Single-machine statistics

Alan Sewards <alan.sewards@...>

Hi David,
As you know, I have been persevering with a single-machine setup, but
recently, I have been forced to make some changes. I thought you would be
interested in the results. I am running the 2.3.0a version of the
SkyStar2/Tellique software, MDM and Animator

I have been aware for some time that the wxsat machine has been
sluggish, with waits for the menus to pop up, jerky animations, etc. but it
all got too much last week and I checked out the Performance Monitor and
found to my horror that the pages writes per second were up in the hundreds
if not thousands! The Average Disk Queue was getting pretty long too but the
CPU was still handling things OK. So I decided to order another 512 MB RAM.
I expected that would arrive within a couple of days, but when it did not I
decided to connect my systems to run as a two-machine setup, with one PC for
the receive function and MDM, Animator, etc on the second. This proved to
have surprisingly little effect, the machine with MDM (but only 512 MB RAM)
was almost as bogged down as the single-machine had been, and as this
machine is my daily workhorse, this was not acceptable! Typical stats for
this (two-machine) setup are: Pages/sec: Avg 880, Disk Q: 2.5 Avg, CPU: 28
Avg. After a few days with still no new RAM, I changed back to the single
machine again (with 512 MB RAM). Stats for this were: Pages/sec: 1247 Avg,
Disk Q: 0.1 Avg, and CPU: 18 Avg. Finally the RAM arrived and I installed
it with these results: Pages/sec: 0.4 Avg, Disk Q: 0.009 Avg, CPU: 23 Avg. I
was surprised to find that the Commit Charge with 1GB RAM was still as high
as 404 MB, as the sum of memory needs for all processes did not seem to come
anywhere near 1024 MB. Snapshots later and following morning gave the
following: Pages: 3 Avg, Disk Q: 0.2 Avg, CPU 35 Avg; and pages: 0.4, Disk
Q: 0.005, CPU 18. Later I ran the Animator and the following resulted:
Pages: 0.4, Disk Q: 0.011, CPU: 27. Commit Charge went up to 490 MB. A bit
later (just after the big save at the end of a cycle) I got the following:
Pages: 578, Disk Q: 3, CPU: 78, but within a few seconds things were back to
the more normal figures quoted above.

My comments on these figures are as follows:
1. There is a HUGE difference between a machine with 512 MB and 1024 MB when
it comes to running MDM. With only (!) 512 MB RAM, the machine quickly
becomes bogged down in paging to disk, not perhaps to the point of losing
data, but certainly to the point of becoming a pain to use!
2. It seems essential that the machine running MDM has 1 GB of RAM. If it
does, and is fast enough (mine is Athlon XP2400+), it can handle as well the
receive function without noticing.
3. I don't understand why with 1 GB RAM, such a large Commit Charge is
required. Where is all this memory being used? MDM is shown as taking up
200-350 MB depending on when you look, but the sum total of all the other
processes running does not reach that figure.

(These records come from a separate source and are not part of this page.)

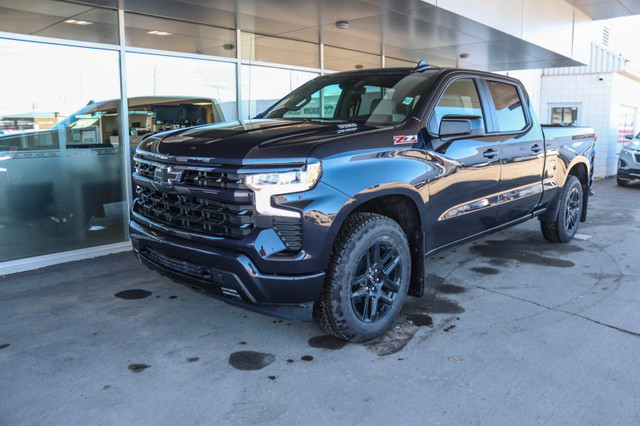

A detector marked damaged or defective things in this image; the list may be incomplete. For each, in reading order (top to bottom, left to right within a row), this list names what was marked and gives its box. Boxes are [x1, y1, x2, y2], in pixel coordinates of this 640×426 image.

pavement crack [476, 288, 640, 338] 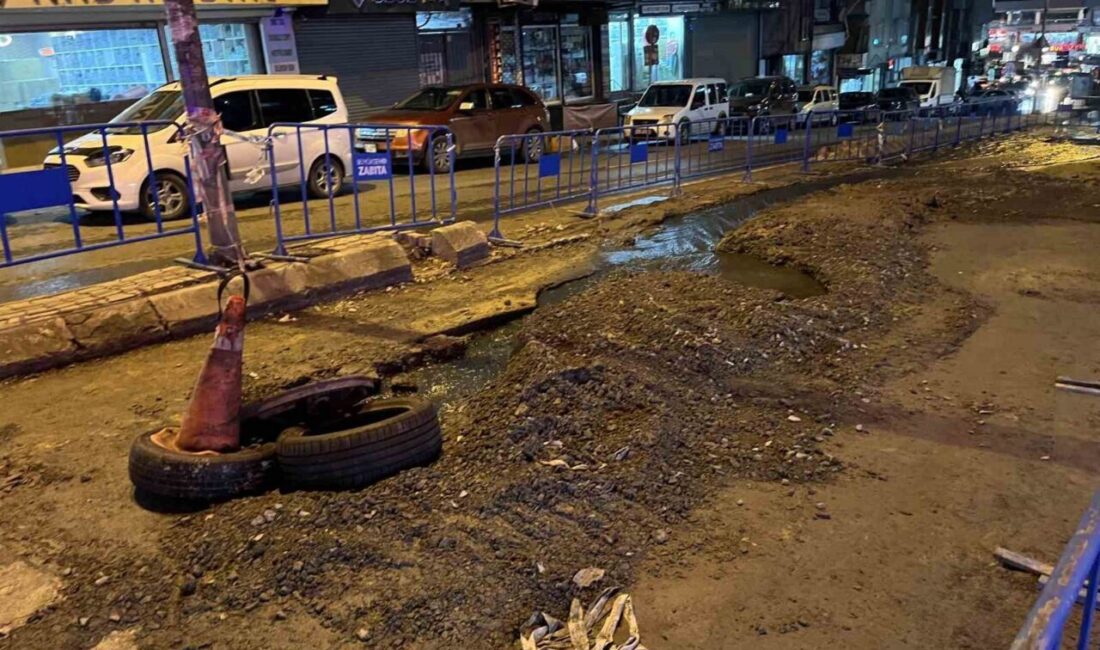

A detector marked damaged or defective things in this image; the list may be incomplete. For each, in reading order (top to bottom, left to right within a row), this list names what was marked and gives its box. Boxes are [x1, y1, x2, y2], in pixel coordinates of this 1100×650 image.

broken concrete slab [429, 219, 490, 268]
broken concrete slab [0, 563, 60, 637] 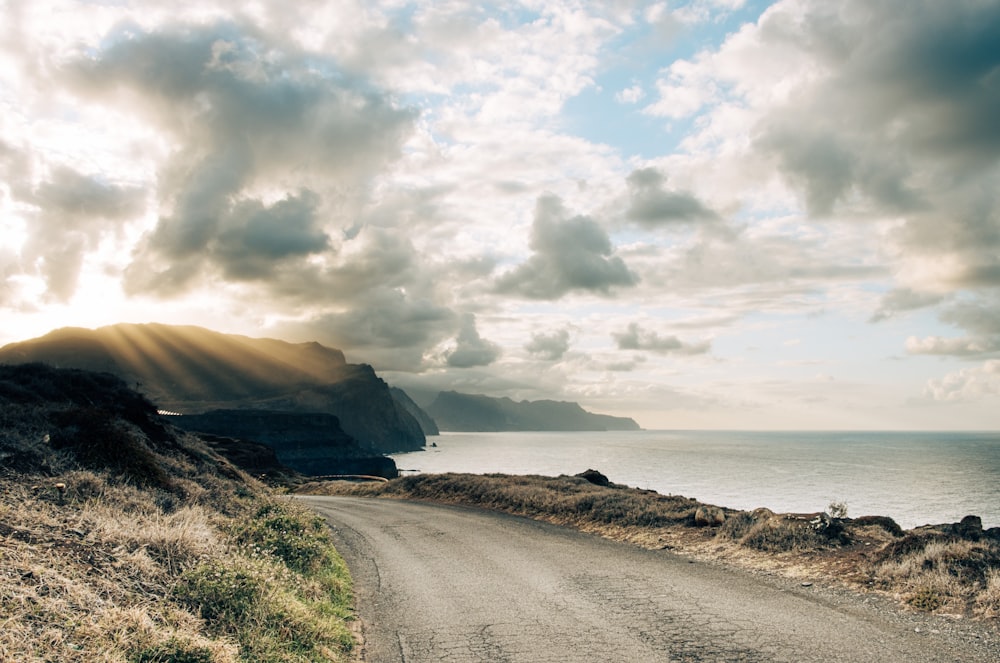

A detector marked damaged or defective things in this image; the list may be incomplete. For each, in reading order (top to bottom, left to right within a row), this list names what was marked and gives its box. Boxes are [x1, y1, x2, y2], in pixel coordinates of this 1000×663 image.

cracked asphalt [298, 498, 1000, 663] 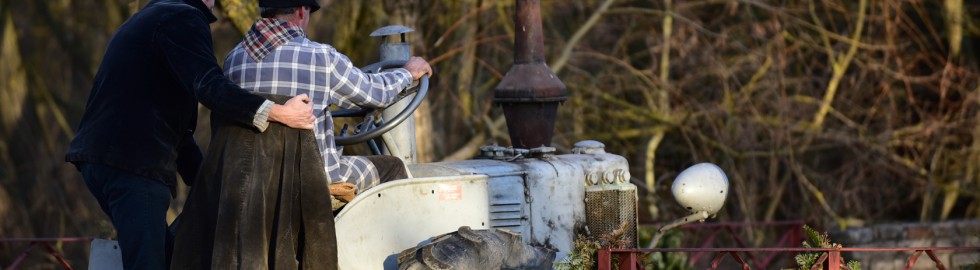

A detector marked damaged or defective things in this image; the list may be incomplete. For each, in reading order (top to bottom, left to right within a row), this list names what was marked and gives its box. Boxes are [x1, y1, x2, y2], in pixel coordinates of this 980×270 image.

rusty exhaust stack [494, 0, 572, 149] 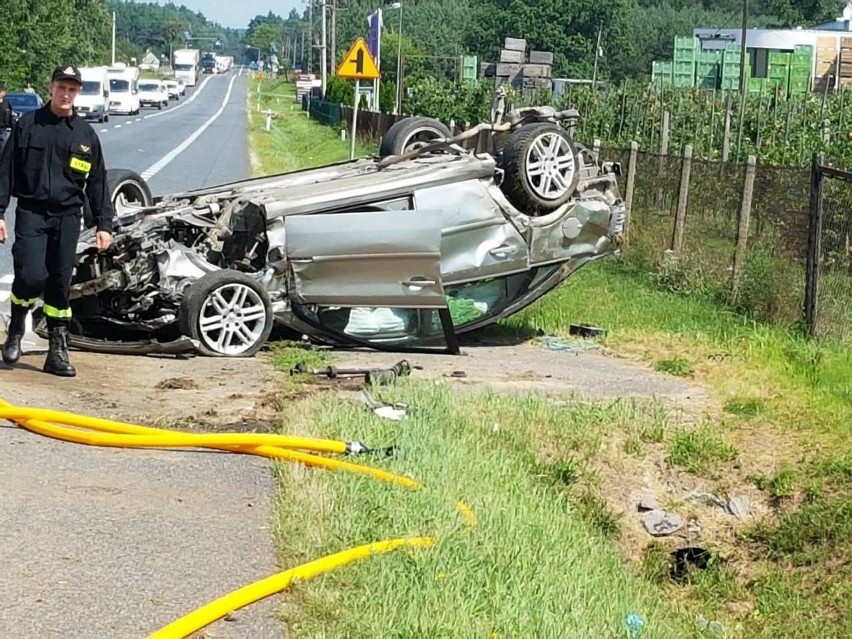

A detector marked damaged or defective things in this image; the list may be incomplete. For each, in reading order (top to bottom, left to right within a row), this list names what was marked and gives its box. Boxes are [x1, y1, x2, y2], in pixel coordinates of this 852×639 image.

overturned silver car [48, 102, 632, 358] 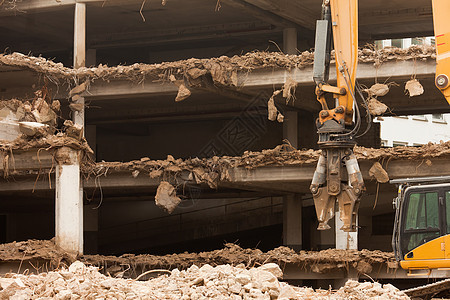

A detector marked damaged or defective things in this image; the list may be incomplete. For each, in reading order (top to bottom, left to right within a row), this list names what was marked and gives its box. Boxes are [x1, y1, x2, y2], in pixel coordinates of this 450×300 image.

Sorry this is rather long, but I felt the data might be useful and of
general interest.

Best regards - Alan

Alan Sewards
web site:

David J Taylor GM8ARV 🏴󠁧󠁢󠁳󠁣󠁴󠁿 🇪🇺

Sorry this is rather long, but I felt the data might be useful
and of general interest.

Best regards - Alan

Alan Sewards

Thanks for that. I haven't digested it all, by any means, but Sam
Elsdon has also been looking with Performance Monitor and I hope he
write up his findings!

Some checks:

- ensure that you minimise the number of HRIT channels you collect.
Only collect what you need.
- Don't take LRIT if you don't need it.
- be sure to defrag your disks regularly
- use NTFS and not FAT for the disk structure.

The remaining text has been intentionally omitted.